Создательница мрачных фэнтези и ужасов, Кейт Джонз
Наверное, заботиться надо было больше, но постепенно все прежние обычные заботы отпали.
Плюшевый медведь девочки вдавлен в угол дивана, обитого тканью с цветочным рисунком, дивана, оказавшегося наименее уродливым в магазине дешевой мебели. Я поправила хлопчатобумажное покрывало, которое, как было задумано, должно скрывать пятно. Я бы хотела мебель, которая была бы так же элегантна, как был элегантен этот старый дом до того, как его поделили на квартиры. Когда я въехала сюда, это казалось возможным.
Луч октябрьского солнца, который кажется перенесенным из каталога «Крейт-энд-Баррел»[21]
, заставляет глиняные тона, использованные мною для декорирования, выглядеть так, будто вещи на самом деле покрыты глиной. Наверное, надо быть богатым, чтобы удачно покрасить ткань чаем и чтобы после этого она выглядела хорошо.
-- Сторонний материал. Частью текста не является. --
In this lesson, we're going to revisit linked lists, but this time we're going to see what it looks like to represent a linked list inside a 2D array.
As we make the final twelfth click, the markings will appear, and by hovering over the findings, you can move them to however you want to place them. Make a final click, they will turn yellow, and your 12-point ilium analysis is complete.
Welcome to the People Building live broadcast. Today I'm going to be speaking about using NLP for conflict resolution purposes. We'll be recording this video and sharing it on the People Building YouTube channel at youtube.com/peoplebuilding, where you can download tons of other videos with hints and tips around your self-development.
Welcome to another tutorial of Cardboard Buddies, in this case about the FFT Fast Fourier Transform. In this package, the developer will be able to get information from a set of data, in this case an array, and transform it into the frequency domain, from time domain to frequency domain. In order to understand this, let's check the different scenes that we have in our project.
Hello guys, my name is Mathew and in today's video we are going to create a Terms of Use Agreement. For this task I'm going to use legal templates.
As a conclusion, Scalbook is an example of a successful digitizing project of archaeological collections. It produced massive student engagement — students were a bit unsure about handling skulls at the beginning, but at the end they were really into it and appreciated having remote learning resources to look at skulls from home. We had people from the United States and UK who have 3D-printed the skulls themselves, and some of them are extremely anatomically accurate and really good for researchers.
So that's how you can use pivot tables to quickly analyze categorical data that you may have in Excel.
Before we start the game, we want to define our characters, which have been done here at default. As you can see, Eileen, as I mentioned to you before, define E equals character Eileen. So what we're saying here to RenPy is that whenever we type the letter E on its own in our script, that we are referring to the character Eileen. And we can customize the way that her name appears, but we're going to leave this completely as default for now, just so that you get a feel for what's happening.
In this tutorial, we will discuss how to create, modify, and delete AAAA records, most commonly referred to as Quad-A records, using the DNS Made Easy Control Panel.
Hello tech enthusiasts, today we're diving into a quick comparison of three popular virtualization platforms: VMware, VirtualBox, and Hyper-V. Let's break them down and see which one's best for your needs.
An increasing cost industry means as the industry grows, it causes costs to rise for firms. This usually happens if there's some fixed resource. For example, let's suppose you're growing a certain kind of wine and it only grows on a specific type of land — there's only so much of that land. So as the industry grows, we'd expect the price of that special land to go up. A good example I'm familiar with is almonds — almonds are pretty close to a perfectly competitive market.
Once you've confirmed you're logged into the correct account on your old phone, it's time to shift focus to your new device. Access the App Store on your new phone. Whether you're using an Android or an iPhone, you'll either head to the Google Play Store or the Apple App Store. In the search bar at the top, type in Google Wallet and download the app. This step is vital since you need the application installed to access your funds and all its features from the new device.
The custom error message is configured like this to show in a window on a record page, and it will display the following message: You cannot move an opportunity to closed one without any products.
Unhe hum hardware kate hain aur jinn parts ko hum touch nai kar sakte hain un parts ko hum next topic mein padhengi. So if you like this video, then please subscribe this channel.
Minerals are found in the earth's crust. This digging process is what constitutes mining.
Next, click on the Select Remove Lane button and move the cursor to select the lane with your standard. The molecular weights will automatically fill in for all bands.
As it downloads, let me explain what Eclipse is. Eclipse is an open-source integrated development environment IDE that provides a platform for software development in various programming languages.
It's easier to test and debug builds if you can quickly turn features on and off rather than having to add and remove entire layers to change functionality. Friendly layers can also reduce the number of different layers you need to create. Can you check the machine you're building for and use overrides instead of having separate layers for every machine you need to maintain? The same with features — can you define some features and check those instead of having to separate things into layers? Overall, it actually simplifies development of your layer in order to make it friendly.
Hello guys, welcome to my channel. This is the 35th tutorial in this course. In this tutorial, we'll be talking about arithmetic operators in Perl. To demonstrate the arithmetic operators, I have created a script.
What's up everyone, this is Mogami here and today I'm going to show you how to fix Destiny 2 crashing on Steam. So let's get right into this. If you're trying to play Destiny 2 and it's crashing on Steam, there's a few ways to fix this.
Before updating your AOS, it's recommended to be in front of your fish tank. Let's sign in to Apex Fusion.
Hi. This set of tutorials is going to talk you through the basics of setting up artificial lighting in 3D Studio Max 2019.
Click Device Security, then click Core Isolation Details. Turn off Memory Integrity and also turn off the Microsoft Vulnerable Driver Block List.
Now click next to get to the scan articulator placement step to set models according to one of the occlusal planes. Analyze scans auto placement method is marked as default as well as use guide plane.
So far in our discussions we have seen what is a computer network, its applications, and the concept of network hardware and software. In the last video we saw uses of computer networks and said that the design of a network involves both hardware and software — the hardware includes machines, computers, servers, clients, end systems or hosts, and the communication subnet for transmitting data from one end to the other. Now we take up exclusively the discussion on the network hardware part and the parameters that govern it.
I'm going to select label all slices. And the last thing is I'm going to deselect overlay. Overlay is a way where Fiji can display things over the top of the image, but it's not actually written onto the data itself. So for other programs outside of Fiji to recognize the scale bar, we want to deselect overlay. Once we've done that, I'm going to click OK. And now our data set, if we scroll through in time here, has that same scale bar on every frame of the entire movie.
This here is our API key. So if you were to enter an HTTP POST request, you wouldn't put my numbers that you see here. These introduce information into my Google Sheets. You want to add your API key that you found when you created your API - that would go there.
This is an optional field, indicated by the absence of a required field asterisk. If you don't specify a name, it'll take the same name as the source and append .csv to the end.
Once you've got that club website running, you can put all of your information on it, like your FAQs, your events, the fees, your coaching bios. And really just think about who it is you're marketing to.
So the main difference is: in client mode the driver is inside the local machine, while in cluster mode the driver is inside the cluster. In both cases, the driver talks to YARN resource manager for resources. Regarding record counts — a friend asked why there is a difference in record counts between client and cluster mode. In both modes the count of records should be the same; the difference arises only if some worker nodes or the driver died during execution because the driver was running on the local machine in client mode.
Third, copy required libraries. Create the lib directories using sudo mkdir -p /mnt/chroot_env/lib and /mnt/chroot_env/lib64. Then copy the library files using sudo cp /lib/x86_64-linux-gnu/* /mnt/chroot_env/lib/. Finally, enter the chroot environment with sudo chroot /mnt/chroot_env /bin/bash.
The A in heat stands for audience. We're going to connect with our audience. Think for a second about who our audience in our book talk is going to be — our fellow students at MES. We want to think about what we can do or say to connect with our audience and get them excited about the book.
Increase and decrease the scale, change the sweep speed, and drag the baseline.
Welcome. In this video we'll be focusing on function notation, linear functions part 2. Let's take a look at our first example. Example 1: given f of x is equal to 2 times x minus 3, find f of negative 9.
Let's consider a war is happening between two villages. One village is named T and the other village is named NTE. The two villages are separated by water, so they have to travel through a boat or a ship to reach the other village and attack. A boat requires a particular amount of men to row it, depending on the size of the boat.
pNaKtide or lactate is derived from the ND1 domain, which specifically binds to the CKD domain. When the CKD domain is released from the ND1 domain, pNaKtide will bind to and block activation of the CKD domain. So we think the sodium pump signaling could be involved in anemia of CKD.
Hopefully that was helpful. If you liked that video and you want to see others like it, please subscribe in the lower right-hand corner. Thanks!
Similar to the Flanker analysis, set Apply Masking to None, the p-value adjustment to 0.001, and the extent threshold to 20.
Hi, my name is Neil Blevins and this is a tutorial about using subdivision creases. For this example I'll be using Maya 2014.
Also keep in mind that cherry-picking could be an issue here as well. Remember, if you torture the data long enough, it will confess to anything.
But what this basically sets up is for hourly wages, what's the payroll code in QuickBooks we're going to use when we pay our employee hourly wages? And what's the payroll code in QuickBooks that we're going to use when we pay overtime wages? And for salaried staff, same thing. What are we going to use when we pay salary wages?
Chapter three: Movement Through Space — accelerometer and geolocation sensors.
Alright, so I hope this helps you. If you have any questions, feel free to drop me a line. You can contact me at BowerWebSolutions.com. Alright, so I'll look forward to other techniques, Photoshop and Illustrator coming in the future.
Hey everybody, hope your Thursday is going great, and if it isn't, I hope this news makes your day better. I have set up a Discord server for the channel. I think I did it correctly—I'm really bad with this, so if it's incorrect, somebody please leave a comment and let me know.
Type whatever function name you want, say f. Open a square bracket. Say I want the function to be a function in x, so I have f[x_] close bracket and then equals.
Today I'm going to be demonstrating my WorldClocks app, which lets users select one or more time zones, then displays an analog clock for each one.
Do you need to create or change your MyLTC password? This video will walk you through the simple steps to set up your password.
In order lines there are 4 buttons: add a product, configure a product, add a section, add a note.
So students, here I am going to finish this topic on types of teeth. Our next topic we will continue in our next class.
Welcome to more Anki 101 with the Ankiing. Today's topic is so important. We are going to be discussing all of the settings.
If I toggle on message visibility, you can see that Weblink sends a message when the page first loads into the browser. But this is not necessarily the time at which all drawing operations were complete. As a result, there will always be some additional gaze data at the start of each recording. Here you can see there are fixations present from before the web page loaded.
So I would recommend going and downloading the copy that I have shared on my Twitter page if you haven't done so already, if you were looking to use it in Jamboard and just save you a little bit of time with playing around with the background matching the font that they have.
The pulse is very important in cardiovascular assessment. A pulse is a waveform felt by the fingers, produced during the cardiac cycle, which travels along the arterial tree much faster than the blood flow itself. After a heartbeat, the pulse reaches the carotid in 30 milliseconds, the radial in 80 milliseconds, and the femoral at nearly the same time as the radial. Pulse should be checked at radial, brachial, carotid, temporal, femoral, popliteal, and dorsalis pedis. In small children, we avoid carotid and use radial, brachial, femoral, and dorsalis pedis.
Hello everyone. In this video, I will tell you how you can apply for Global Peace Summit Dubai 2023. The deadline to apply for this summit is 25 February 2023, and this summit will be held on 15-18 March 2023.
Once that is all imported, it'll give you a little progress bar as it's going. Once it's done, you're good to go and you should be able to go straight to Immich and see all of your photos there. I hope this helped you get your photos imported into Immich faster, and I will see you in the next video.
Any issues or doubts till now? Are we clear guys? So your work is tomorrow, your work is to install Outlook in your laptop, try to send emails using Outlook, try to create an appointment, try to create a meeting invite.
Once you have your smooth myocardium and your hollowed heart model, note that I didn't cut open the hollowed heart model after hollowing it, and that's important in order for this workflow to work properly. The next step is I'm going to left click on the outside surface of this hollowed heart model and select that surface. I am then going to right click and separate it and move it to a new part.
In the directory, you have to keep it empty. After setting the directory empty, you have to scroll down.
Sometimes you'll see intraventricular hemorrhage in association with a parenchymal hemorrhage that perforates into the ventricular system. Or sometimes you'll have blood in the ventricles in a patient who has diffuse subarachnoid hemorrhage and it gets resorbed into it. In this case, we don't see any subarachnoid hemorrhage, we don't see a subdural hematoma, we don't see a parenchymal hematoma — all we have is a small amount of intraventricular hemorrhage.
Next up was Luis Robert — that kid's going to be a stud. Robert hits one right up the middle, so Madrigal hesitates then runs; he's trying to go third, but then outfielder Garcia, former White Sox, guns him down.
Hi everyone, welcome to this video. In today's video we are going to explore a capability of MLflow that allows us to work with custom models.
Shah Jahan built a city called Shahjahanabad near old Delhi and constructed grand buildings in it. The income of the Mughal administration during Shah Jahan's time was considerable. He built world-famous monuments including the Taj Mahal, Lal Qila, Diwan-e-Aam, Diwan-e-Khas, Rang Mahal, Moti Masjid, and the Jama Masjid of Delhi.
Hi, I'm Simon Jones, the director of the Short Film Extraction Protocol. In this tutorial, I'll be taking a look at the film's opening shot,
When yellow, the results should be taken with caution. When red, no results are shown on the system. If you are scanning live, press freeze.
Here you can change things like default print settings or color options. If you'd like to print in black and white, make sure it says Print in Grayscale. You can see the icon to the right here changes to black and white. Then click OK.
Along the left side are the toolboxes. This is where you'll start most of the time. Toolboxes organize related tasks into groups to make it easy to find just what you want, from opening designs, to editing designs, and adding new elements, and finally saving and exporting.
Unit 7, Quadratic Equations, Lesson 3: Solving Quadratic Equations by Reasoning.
Мне примерно так же не до красивости, как этому старому дому, выстроенному на переломе веков.В ушах у плюшевого мишки серьги, единственные хорошие серьги, которыми я владела в жизни и, вероятно, буду вообще владеть, если быть честной. Серьги безвкусны, такие давно не в моде. Мне кажется, я уже минуту слышу песню Пинк, которая играла в тот вечер, когда мне их подарил мой бывший. В тот вечер глаза его сильно блестели от возбуждения в связи с большими планами, которые он строил, и безумными дикими вещами, которые мы собирались провернуть.
Тосковать по прошлому глупо. Мне от этой тоски физически плохо. Я больше не слушаю старую музыку. Наверное, надо бы продать эти серьги – я без гроша. Я даже забыла, что они у меня есть. У меня есть заботы поважнее.
Стекла в окнах гостиной дрожат, как будто только что взорвалась бомба. Хэллоуинские летучие мыши, изготовленные дочкой из бумаги для поделок, подергиваются на леске. Их крылья отбрасывают длинные тени на плетенный из лоскутов половичок. Я почти слышу, как хлопанье их крыльев возвещает появление темного ангела холодных времен. Воображаю, как жители всего квартала валятся на изрытую оспой землю, зажав ладонями кровоточащие уши. Пожалуй, я не в праздничном настроении. Смотреть в окно нет смысла. Нет ни малейшего шанса, что ангел сбросит бомбу. Вернее, этого ничего быть не может. Это лишь дети дерутся. Топают так, что стекла дрожат. И что им не посидеть спокойно десять минут кряду?
Я, топая, прохожу по гостиной и распахиваю дверь на чердак.
– Что вы там делаете? – Я пытаюсь придать своему голосу свойства, необходимые в данной ситуации, если это действительно ситуация, а вероятно, так оно и есть. Пытаюсь не нагнетать.
Наверху начинает реветь девочка. Это не худший ее крик, он не приводит на ум лужи крови, и от него кости не выпирают из-под кожи, но все же крик довольно тревожный.
– Заткнись, ты, толстож… дырка для члена, – кричит мальчик. Чердак теперь его комната, потому что он уже слишком взрослый, чтобы жить в одной комнате с девочкой, и пауки ему безразличны. Это меньшее из того, на что ему наплевать. – Убирайся из моей комнаты.
– Не уберусь. Мама-а-а-а! – вопит девочка.